Kemah kecil dan seragam berjejer rapi di sekitar National Stadium


Bagaimana Berdemo di Negeri Kita.   Demo dimanapun biasanya yang ditentang adalah kebijakan penguasa yang dalam hal ini pemerintah. Mereka melakukan tekanan fisik dan psikologis terhadap pemerintah yang berkuasa, sehingga pemerintah akan menuruti tuntutan para pendemo.  Seperti yang terjadi di Thailand mereka memblokir jalan strategis dan juga pusat kegiatan pemerintahan agar roda pemerintahan tidak berjalan.  Dalam melakukan aksi ini mereka tidak merusak  fasilitas umum yang nota bene itu milik negara.  Tetapi bagaimana dengan demo di negeri kita? Kita sering bingung untuk mencari jawab, apa hubungan antara pintu dan pembatas jalan tol dengan tujuan demonstrasi? Apa salahnya mobil berplat merah, sehingga ia harus dirusak dan dibakar? Bukankah itu semua dibangun dan dibeli dengan uang negara yang notabene juga uang kita semua? Mengapa demo harus selalu dibarengi dengan penampilan wajah serem dan garang, perilaku yang destruktif, agitatif dan provokatif menakutkan.  

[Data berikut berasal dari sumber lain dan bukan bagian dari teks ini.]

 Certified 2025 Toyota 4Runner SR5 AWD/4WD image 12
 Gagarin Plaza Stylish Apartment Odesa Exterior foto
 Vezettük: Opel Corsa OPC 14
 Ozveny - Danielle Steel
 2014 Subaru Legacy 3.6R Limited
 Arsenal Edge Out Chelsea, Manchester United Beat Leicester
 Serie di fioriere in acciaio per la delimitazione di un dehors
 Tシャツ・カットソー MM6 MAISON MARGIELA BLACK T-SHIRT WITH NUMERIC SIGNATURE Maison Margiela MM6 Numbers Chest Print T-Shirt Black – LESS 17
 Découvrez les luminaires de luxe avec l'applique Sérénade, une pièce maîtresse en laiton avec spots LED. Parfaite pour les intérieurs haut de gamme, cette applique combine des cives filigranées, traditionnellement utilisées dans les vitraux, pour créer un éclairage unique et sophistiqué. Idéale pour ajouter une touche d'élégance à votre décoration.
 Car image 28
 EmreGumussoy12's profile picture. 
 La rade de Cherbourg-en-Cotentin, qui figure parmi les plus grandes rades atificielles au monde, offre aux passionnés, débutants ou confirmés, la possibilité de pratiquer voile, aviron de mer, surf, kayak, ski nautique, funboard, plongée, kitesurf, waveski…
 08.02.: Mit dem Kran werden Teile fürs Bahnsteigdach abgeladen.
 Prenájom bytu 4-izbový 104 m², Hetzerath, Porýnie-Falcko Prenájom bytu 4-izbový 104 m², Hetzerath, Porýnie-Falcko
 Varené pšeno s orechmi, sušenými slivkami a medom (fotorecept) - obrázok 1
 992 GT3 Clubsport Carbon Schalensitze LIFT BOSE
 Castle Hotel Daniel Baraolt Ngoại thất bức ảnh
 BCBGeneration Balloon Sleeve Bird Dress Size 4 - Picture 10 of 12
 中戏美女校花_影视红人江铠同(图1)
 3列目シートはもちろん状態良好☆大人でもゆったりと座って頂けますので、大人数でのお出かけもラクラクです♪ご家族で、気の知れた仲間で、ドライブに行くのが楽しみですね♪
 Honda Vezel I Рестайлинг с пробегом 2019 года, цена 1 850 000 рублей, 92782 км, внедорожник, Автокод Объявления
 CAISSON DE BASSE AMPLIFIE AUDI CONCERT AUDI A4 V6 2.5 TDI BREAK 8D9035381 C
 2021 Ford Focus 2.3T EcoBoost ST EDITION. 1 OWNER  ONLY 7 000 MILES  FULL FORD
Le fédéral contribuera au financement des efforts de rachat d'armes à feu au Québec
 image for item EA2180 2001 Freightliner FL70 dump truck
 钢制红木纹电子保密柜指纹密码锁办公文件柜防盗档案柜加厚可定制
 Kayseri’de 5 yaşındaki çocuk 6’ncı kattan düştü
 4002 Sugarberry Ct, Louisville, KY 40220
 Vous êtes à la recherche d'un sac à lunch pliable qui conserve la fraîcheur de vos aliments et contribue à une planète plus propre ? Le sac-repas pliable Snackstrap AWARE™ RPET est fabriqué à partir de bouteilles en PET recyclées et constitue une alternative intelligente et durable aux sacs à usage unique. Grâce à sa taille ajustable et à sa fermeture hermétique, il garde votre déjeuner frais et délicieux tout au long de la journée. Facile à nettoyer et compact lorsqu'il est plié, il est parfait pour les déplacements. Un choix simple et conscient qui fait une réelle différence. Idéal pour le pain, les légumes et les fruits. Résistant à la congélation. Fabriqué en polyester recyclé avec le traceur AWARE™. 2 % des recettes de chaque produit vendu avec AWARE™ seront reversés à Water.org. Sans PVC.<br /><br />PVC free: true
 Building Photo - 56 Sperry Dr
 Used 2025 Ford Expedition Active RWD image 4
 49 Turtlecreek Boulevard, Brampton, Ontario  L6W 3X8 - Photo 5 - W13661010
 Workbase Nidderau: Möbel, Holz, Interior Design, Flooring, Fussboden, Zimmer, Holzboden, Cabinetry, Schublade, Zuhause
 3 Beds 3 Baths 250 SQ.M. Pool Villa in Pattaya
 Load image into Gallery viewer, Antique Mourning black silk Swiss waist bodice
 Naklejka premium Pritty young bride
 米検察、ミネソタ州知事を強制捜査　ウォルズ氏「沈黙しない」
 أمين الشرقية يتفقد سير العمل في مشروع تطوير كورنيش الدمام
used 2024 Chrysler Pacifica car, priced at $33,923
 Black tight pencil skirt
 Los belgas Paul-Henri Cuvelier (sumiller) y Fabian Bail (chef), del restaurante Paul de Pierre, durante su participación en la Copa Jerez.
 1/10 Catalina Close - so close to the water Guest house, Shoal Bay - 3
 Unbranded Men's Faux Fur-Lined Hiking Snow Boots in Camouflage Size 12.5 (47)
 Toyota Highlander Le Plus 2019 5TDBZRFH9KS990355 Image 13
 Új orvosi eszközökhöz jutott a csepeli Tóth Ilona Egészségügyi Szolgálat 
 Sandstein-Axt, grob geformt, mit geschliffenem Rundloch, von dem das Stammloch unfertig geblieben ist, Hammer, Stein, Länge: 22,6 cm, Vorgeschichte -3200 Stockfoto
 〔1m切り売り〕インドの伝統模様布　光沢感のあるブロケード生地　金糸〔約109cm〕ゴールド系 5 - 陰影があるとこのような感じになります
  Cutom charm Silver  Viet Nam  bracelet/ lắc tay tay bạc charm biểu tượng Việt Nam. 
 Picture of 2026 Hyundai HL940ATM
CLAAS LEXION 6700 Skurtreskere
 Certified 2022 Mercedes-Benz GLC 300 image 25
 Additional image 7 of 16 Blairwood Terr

Para demonstran membangun kemah besar dan kemah-kemah kecil,
 namun kebersihan tetap  terjaga
       Hampir dipastikan pada saat terjadi demo, maka pusat-pusat layanan publik apakah itu toko, tempat hiburan, rumah makan dan sejenisnya memilih untuk menutup usahanya dari pada resiko terkena dampak dari para pendemo yang biasanya vandalish.  Ini memang perilaku massa yang gampang diprovokasi menjadi suatu kemarahan massa. Tetapi kelihatannya massa demonstran di negeri kita gampang sekali tersulut oleh hasutan para provokator, atau bisa jadi para demonstran yang militan tersebut sebelumnya sudah menyimpan potensi marah.  Dengan demikian demonstrasi yang semula berlangsung secara damai, mudah berubah menjadi demonstrasi yang anarkis. Meskipun demonstrasi selalu mengatasnamakan  aspirasi rakyat, namun cara demonstrasi yang demikian sering malahan tidak memperoleh simpati dari rakyat yang diwakilinya.......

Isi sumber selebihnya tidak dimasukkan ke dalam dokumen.